Exercise directions:
Please transcribe the data that follows exactly as given, leaving out every picture.

===== Record extracts =====

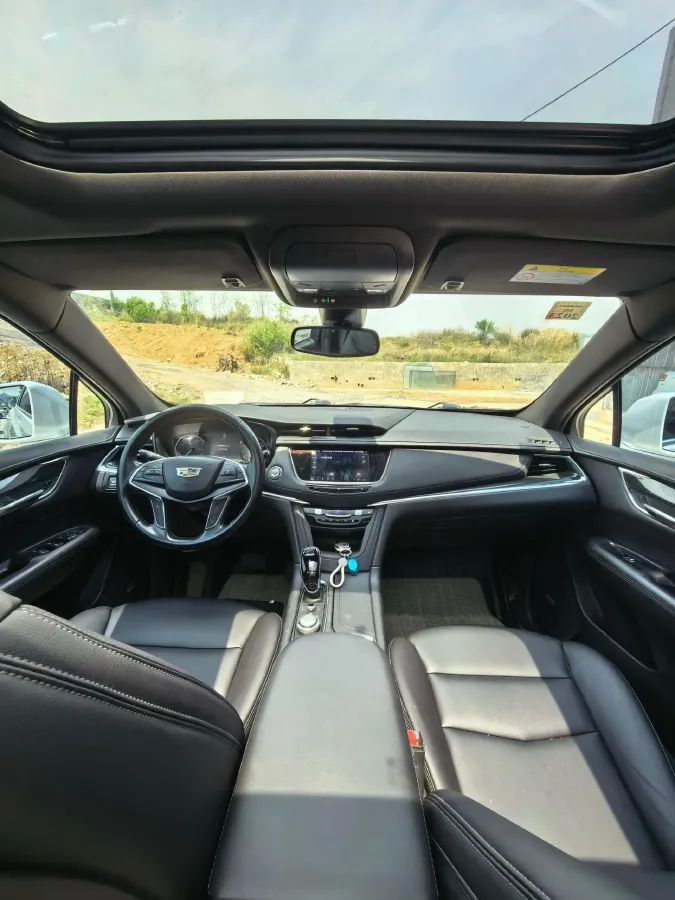 2021 Cadillac XT5 2.0T 237HP L4 9AT,autocango,china used car exporter,china ev exporter,chinese used car exporter,chinese used ev exporter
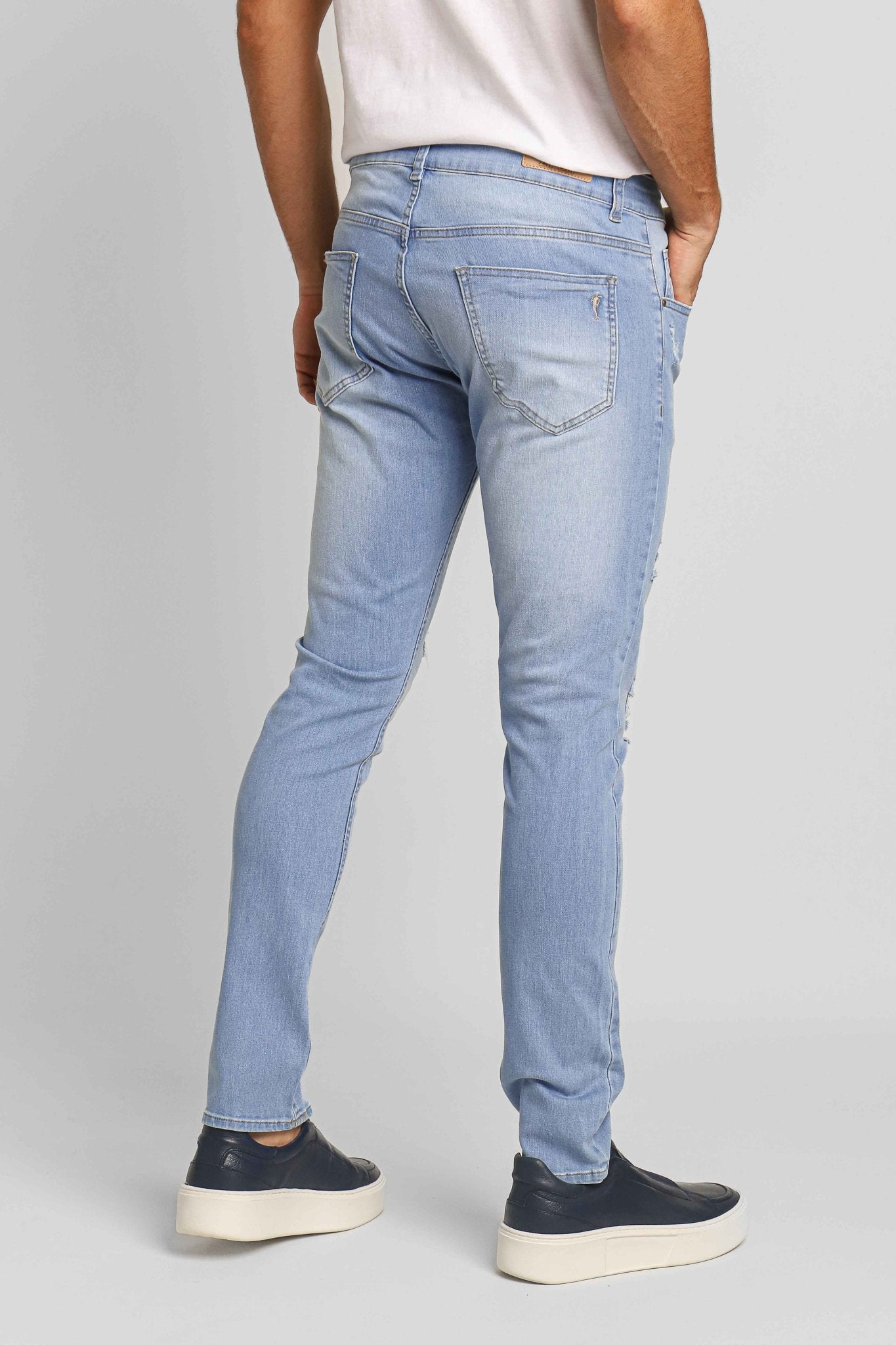 Calça Zip Off Jeans Claro Skinny Destroyed 00501 - Henri Store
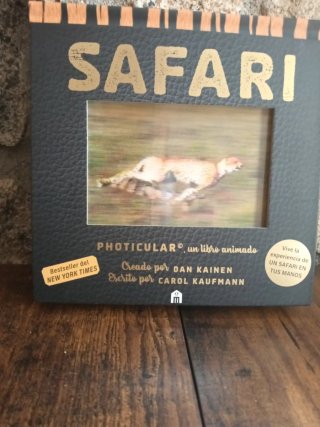 Safari: Un libro animado en Photicular
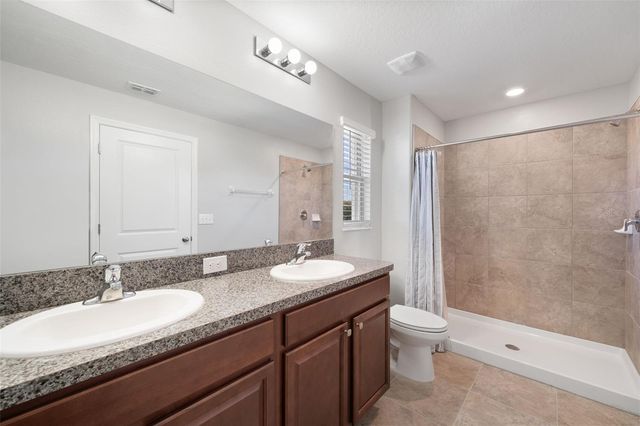 7678 GINGER LILY COURT, Tampa, FL 33619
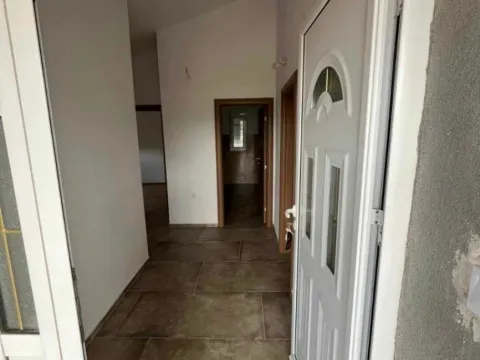 Izdavanje, dvosoban stan, 70m², Konik, Podgorica - image 3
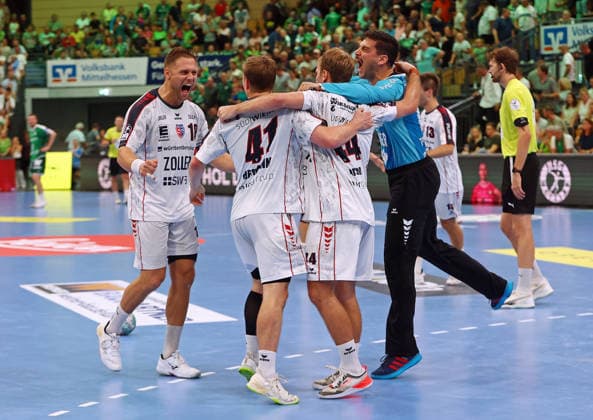 30.08.2026, xovx, Handball Opel Handball-Bundesliga, HSG Wetzlar - SG BBM Bietigheim Die Spieler des SC BBM Bietigheim bejubeln den 35:33 Sieg in Wetzlar Wetzlar Buderus Arena Hessen Deutschland (DE)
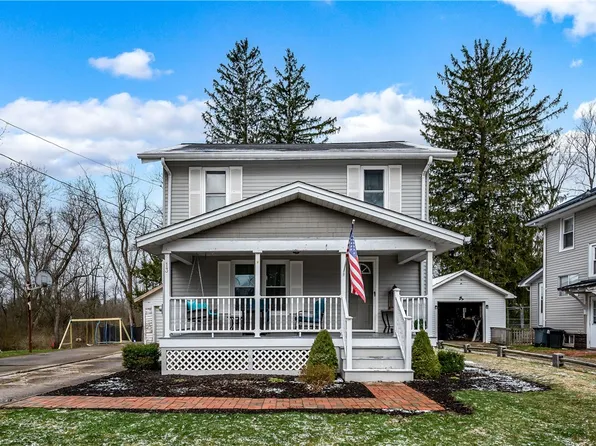 13 Gregg St, Grove City, PA 16127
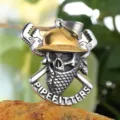 Ciondolo teschio punk in acciaio inossidabile con casco, primo piano di gioielli robusti - un solo ciondolo, senza catena / oro bicolore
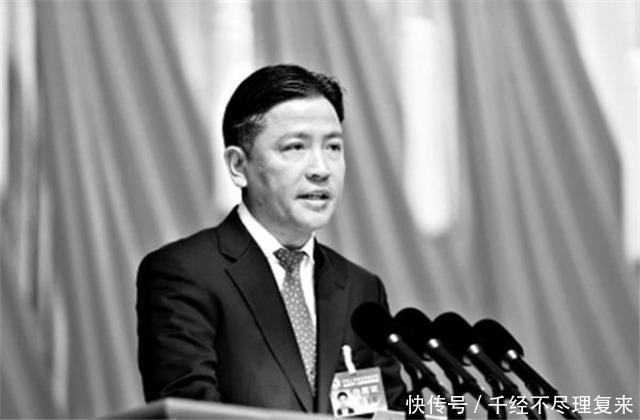 中专生去给首富当司机,因长相出众变身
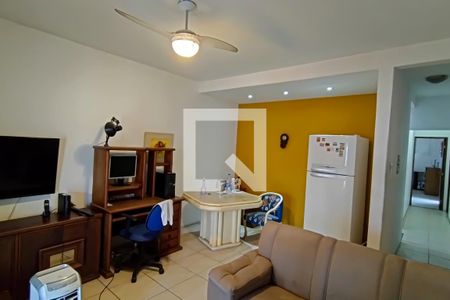 Casa à venda com 220m², 6 quartos e 2 vagas Casa à venda com 220m², 6 quartos e 2 vagassala 2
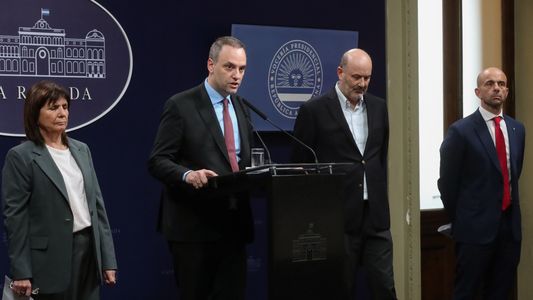 En medio del conflicto aeroportuario, el Gobierno desregula el servicio de rampas: Es el fin del monopolio de Intercargo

=====

Completed exercise:
 2021 Cadillac XT5 2.0T 237HP L4 9AT,autocango,china used car exporter,china ev exporter,chinese used car exporter,chinese used ev exporter
 Calça Zip Off Jeans Claro Skinny Destroyed 00501 - Henri Store
 Safari: Un libro animado en Photicular
 7678 GINGER LILY COURT, Tampa, FL 33619
 Izdavanje, dvosoban stan, 70m², Konik, Podgorica - image 3
 30.08.2026, xovx, Handball Opel Handball-Bundesliga, HSG Wetzlar - SG BBM Bietigheim Die Spieler des SC BBM Bietigheim bejubeln den 35:33 Sieg in Wetzlar Wetzlar Buderus Arena Hessen Deutschland (DE)
 13 Gregg St, Grove City, PA 16127
 Ciondolo teschio punk in acciaio inossidabile con casco, primo piano di gioielli robusti - un solo ciondolo, senza catena / oro bicolore
 中专生去给首富当司机,因长相出众变身
 Casa à venda com 220m², 6 quartos e 2 vagas Casa à venda com 220m², 6 quartos e 2 vagassala 2
 En medio del conflicto aeroportuario, el Gobierno desregula el servicio de rampas: Es el fin del monopolio de Intercargo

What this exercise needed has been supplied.